WHAT THIS TASK INVOLVES ->
From the records below, pull each line that has "with".

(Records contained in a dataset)
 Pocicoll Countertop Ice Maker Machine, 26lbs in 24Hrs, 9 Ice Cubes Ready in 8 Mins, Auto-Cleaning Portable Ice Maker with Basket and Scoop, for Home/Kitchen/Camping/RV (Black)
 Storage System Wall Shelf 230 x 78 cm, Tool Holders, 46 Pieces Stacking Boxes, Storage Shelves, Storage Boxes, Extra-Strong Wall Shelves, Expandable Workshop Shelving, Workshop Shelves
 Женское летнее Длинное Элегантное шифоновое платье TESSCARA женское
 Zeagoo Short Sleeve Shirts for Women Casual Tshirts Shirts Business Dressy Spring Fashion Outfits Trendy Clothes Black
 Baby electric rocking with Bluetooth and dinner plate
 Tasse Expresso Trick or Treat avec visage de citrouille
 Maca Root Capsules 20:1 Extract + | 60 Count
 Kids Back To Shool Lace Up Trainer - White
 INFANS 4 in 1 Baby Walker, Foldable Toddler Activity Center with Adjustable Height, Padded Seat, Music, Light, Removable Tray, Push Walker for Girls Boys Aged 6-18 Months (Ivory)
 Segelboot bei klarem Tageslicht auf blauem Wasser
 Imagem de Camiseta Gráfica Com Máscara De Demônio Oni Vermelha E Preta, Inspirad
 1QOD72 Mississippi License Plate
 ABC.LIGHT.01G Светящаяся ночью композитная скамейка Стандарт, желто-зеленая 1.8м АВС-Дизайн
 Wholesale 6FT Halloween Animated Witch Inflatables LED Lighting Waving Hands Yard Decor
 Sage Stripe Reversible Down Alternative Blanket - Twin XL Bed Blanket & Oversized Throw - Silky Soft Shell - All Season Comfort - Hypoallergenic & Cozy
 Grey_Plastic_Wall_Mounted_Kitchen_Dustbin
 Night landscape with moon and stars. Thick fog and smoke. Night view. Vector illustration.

RESULT FOR THIS TASK ->
 Pocicoll Countertop Ice Maker Machine, 26lbs in 24Hrs, 9 Ice Cubes Ready in 8 Mins, Auto-Cleaning Portable Ice Maker with Basket and Scoop, for Home/Kitchen/Camping/RV (Black)
 Baby electric rocking with Bluetooth and dinner plate
 INFANS 4 in 1 Baby Walker, Foldable Toddler Activity Center with Adjustable Height, Padded Seat, Music, Light, Removable Tray, Push Walker for Girls Boys Aged 6-18 Months (Ivory)
 Night landscape with moon and stars. Thick fog and smoke. Night view. Vector illustration.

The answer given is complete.